University System of Maryland schools received an “F” for affordability this year, despite a tuition freeze mandated by legislators after a rapid rise in tuition over the past several years.

The rating was the second time in a row the state received a failing grade from the National Center for Public Policy and Education. The organization ranks affordability based on factors such as a family’s ability to pay half a year’s tuition up front without a heavy reliance on loans.

The report said families here must devote a high percentage of income to college costs, and need-based financial aid is lower here than in top-performing states.

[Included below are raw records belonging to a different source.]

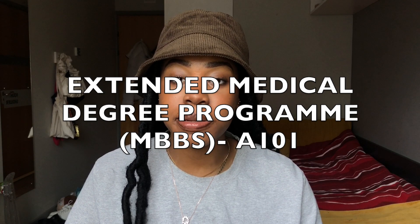Today I'm coming to you guys with a video talking about the EMDP. I'm going to go through some questions — if you see me looking down, it's because I have notes so I don't miss anything. So let's go straight in. What is the EMDP? The EMDP is the Extended Medical Degree Program, MBBS.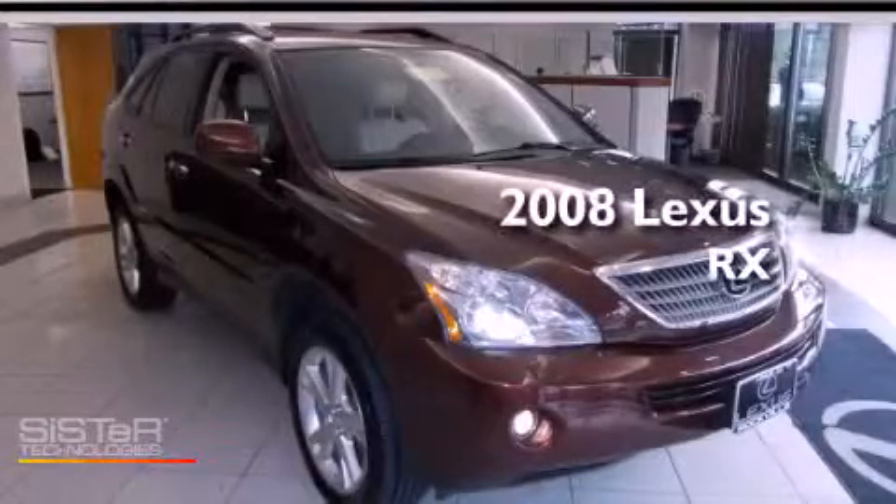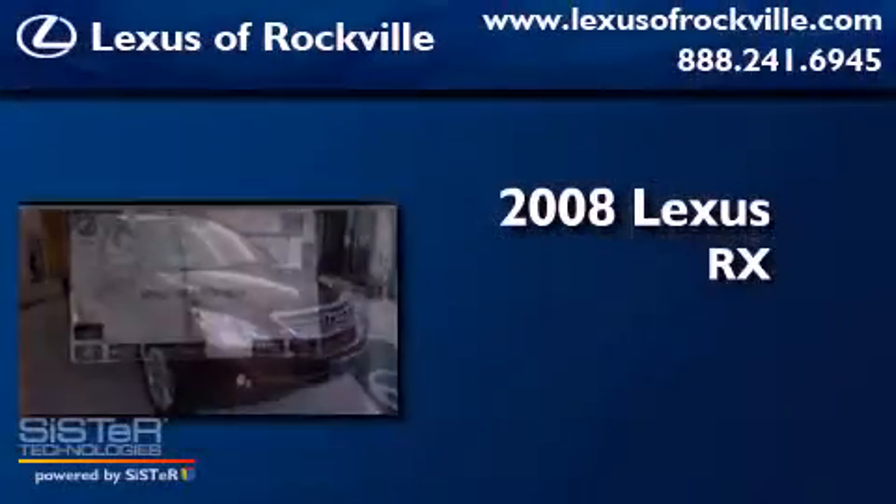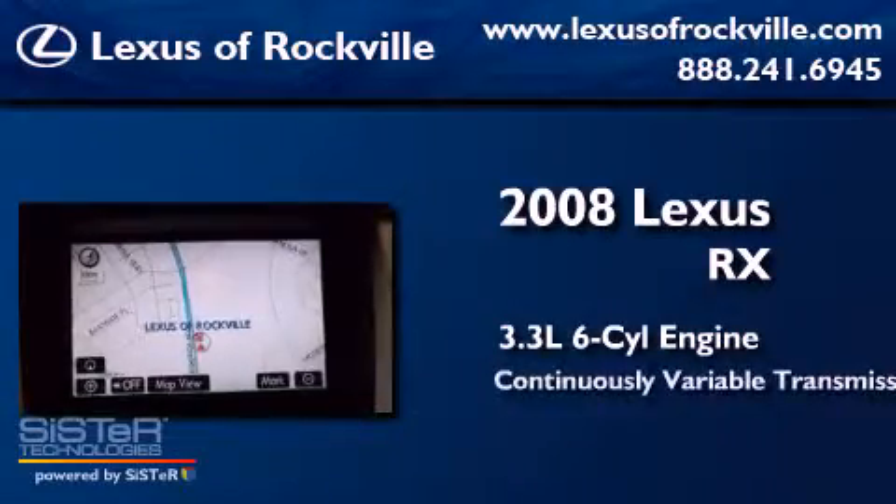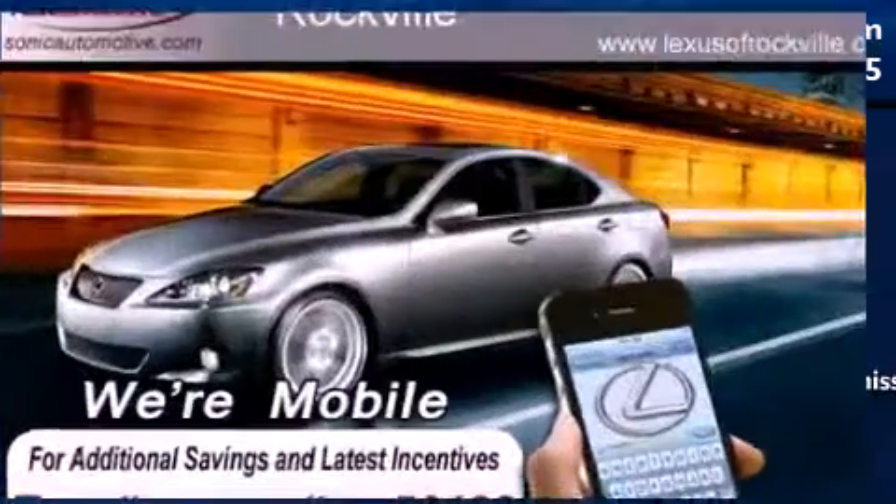This is a 2008 Lexus RX. It has a 3.3-liter six-cylinder engine, a continuous variable transmission, and all-wheel drive.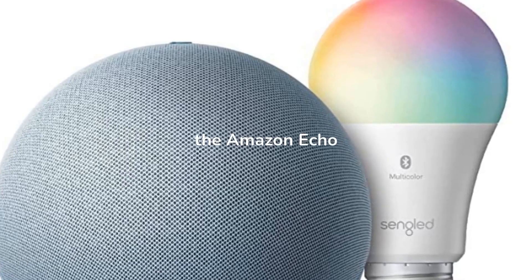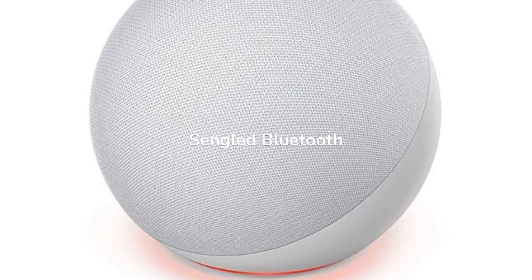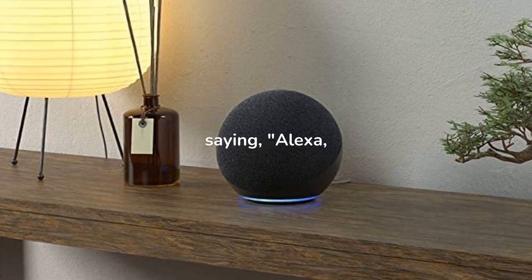Smart home devices such as the Amazon Echo Dot. This bundle contains Echo 4th Gen Twilight Blue and Singled Bluetooth color bulb. Control your lights without getting up — use your voice to control your smart light bulb by saying 'Alexa, turn on the lights' for a hands-free experience.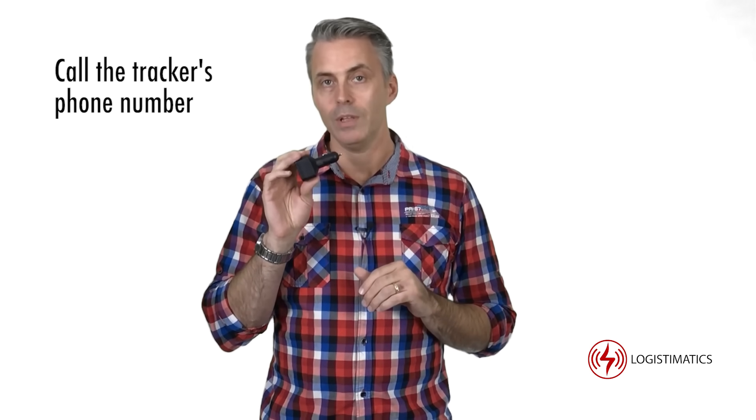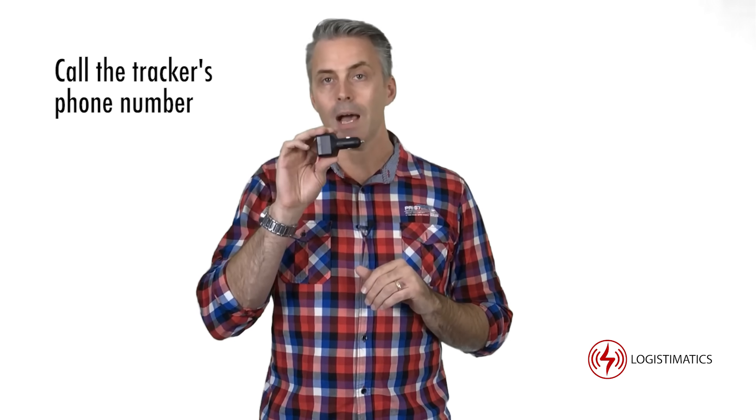The Car Charger Tracker is sort of hiding in plain sight. To listen to audio at the tracker's location, you simply call the tracker's phone number. The tracker will silently pick up and you'll be able to hear what's going on.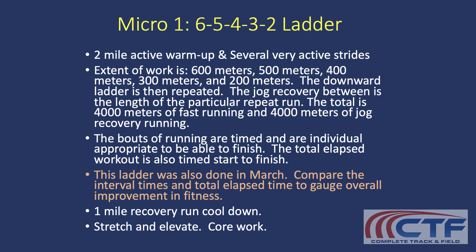So you end up with a total of 4,000 meters of fast running and then 4,000 meters of jog. That's 8,000 meters — it's about a five mile endeavor here.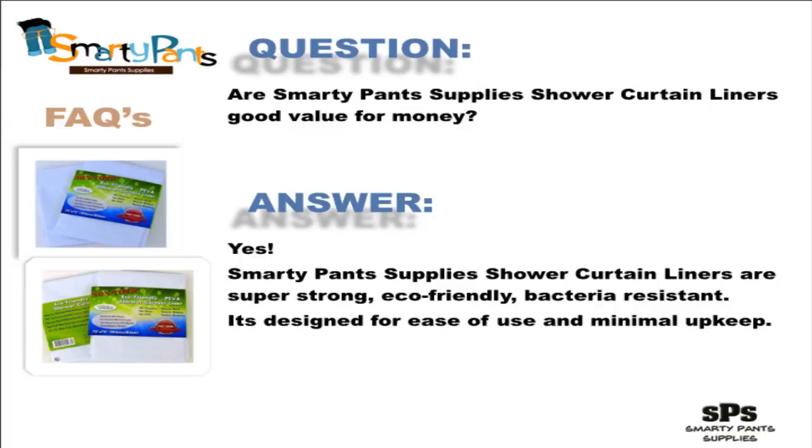Your life has enough demands on your attention. Your shower liner shouldn't be one of them. We took care of that one for you.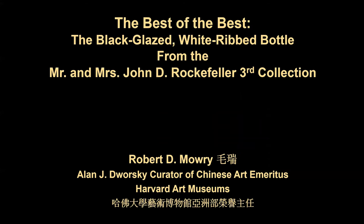Hello. Thank you so much for your interest in the Mr. and Mrs. John D. Rockefeller Third Collection, in the exhibition of treasures from that collection, and special thanks for your interest in this talk on one very special Chinese ceramic piece from the collection. I'm Robert Mowry. Until I retired a few years ago, I was Alan J. Dworsky Curator of Chinese Art at the Harvard Art Museums.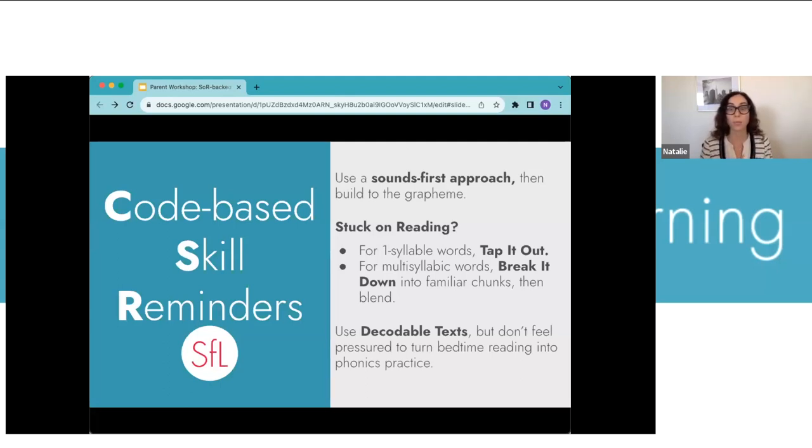Don't feel pressure to turn bedtime into phonics practice. Let bedtime be relationship-building, a grounding moment, and a chance to build wonder, background knowledge, and love of books. Even if you know a student can decode a word, they might not want to at that time — bedtime is serving a different purpose in the moment.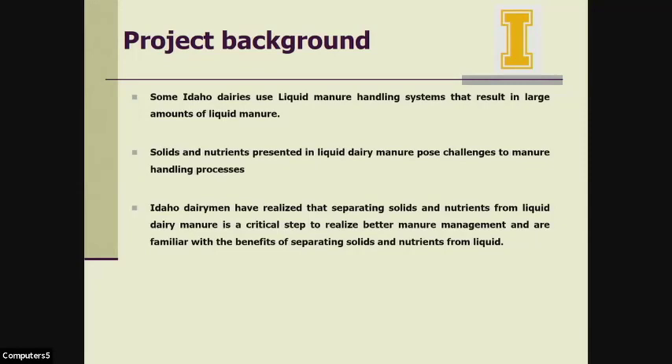I heard a similar number — maybe even a little higher — yesterday when I visited a local dairy here in Ohio. The owner told us they have five lagoons with 25 million gallon capacity. Every year they need to clean their lagoon, and it costs $300,000 each year — a lot of money.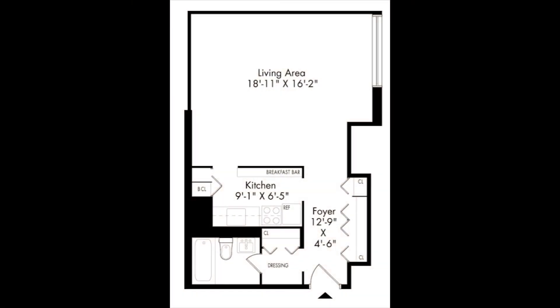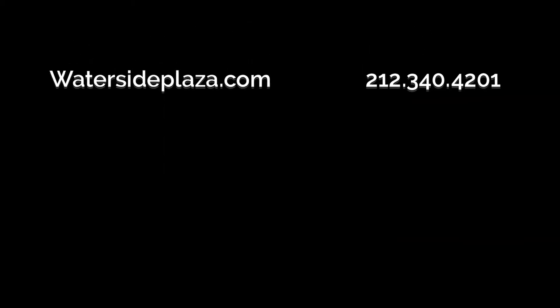For more information, availability, and other video tours, please visit watersideplaza.com.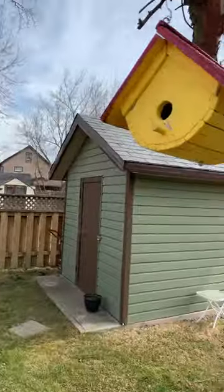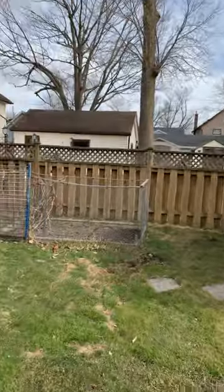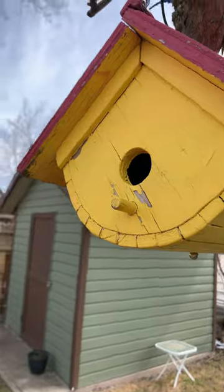Now, over here, this is a yellow birdhouse. And the same thing, there's a Reolink camera inside. As you can see, there's a birdhouse, and we're just waiting for the birds.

The report also said the average undergraduate borrowed more than $4,000 in 2005, further contributing to the ranking.

However, university System Chancellor Brit Kirwan questioned how the survey determines the ranking and said the ranking might not be reliable.

“I’m not so sure that this particular report uses a very effective methodology in evaluating,” Kirwan said. “It’s easy to put out a report and say everyone gets an ‘F’. Without a more nuanced and careful analysis of what is really going on, I’m not sure the grade of an ‘F’ can really be interpreted properly.”

But former regent Jim Rosapepe, a College Park resident who won a primary bid to the Maryland Senate on Tuesday, called the report dead-on in its conclusions.

“I think Maryland’s ‘F’ is well earned,” said Rosapepe, who made lowering tuition a priority during his campaign. “We’ve had outrageous tuition increases in the past several years.”

Of four states where the university’s five designated peer institutions are located, three – Illinois, Michigan and North Carolina – also received “F’s” for affordability. California received a “C-“, the highest grade of the five. In total, only seven states received a grade higher than “F”.

But Rosapepe said the problem of Maryland’s expensive education spans beyond this report.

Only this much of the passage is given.